Commit acc78d6f authored by Loic Guegan's avatar Loic Guegan
Browse files

Cleaning PGN code

parent 7455d91a
Pipeline #211755243 passed with stage
in 8 minutes and 10 seconds
This diff is collapsed.
/**
@page page_pgn_ext PGN Extended
@verbatim
Standard: Portable Game Notation Specification and Implementation Guide
(Supplement)
Revised: 8 September 2001
Status: Final draft
Authors: Alan Cowderoy (Palamede), Ben Bulsink (DGT Projects), Andrew Templeton
(Palamede/Palview), Eric Bentzen (Enpassant.dk, Palamede), Mathias Feist
(Chessbase), Victor Zakharov (Chess Assistant).
Contact: alan@cowderoy.com
1. Introduction
PGNs combination of a formal specification for computer use with easy
readability and manipulation by humans has firmly established it as the data
format of choice for representing chess games. This is a major success and a
tribute to the quality of the work done by the original authors.
Steven Edwards, the author, appears unfortunately to be no longer involved with
PGN and there is now no defined means of arbitrating and implementing proposed
changes.
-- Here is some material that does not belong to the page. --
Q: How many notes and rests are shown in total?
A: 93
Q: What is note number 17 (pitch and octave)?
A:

There is also a huge body of software which implements the current
standard and would break in various ways if it were changed.
At the same time the increased use of DGT boards in major tournaments for the
retransmission of live games has rendered one of the features that was planned
for PGN but never implemented increasingly important, namely the possibility of
encoding time information relating to each move.
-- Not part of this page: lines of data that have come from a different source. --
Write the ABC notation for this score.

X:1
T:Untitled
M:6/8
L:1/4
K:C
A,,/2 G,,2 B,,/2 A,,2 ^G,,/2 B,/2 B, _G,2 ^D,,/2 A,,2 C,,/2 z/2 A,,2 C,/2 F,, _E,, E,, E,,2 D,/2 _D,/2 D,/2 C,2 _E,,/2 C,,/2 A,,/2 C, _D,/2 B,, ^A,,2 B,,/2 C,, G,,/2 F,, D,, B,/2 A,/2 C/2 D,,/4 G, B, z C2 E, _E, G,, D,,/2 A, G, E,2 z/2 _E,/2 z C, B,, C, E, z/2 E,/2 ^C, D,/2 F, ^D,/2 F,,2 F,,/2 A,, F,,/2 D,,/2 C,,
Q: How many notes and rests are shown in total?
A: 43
Without the possibility of encoding time information in PGN its usefulness in
the retransmission of live games is significantly weakened forcing developpers
either to resort to proprietary formats or to break the standard.
Computer chess program authors are also now finding that they have no accepted
way to encode such simple and recognised concepts as numeric position
evaluations or search depth.
Given this situation some have understandably set about defining wholly new XML
based definitions for encoding chess games. While this work is interesting, as
of today there is no widely accepted and supported XML schema.
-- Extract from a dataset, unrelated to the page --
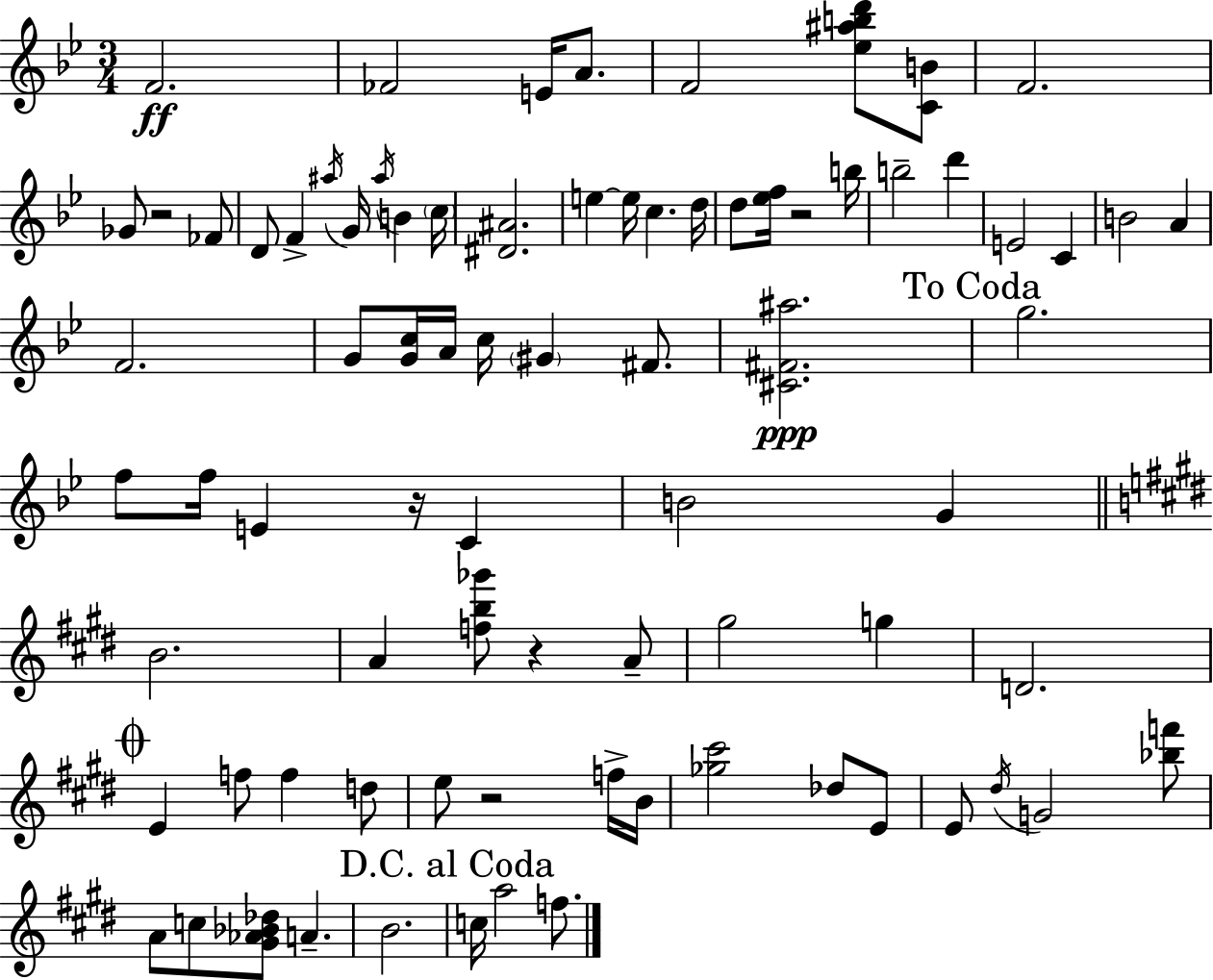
F4/h. FES4/h E4/s A4/e. F4/h [Eb5,A#5,B5,D6]/e [C4,B4]/e F4/h. Gb4/e R/h FES4/e D4/e F4/q A#5/s G4/s A#5/s B4/q C5/s [D#4,A#4]/h. E5/q E5/s C5/q. D5/s D5/e [Eb5,F5]/s R/h B5/s B5/h D6/q E4/h C4/q B4/h A4/q F4/h. G4/e [G4,C5]/s A4/s C5/s G#4/q F#4/e. [C#4,F#4,A#5]/h. G5/h. F5/e F5/s E4/q R/s C4/q B4/h G4/q B4/h. A4/q [F5,B5,Gb6]/e R/q A4/e G#5/h G5/q D4/h. E4/q F5/e F5/q D5/e E5/e R/h F5/s B4/s [Gb5,C#6]/h Db5/e E4/e E4/e D#5/s G4/h [Bb5,F6]/e A4/e C5/e [G#4,Ab4,Bb4,Db5]/e A4/q. B4/h. C5/s A5/h F5/e.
It thus seems important to us to attempt an incremental improvement to PGN
intended to eliminate the functional weaknesses described above.
This document proposes an extension to PGN designed to offer an immediate 'work
around' solution to the problems outlined above.
2. Design aims
2.1 The enhancements must not break the existing standard.
This rules out new syntactical elements. Steve Edwards himself proposed a format
(BIF) that would have resolved these problems but it was never implemented and
doing so now would break large quantities of software.
2.2 The enhancements should maintain the ease of use and legibility so
characteristic of PGN.
This rules out very precise but possibly more computer readable formats in
favour of clearer human readable ones.
2.3 If new command structures are to be introduced they should be specified in
such a way that they are usable for other extensions if needed.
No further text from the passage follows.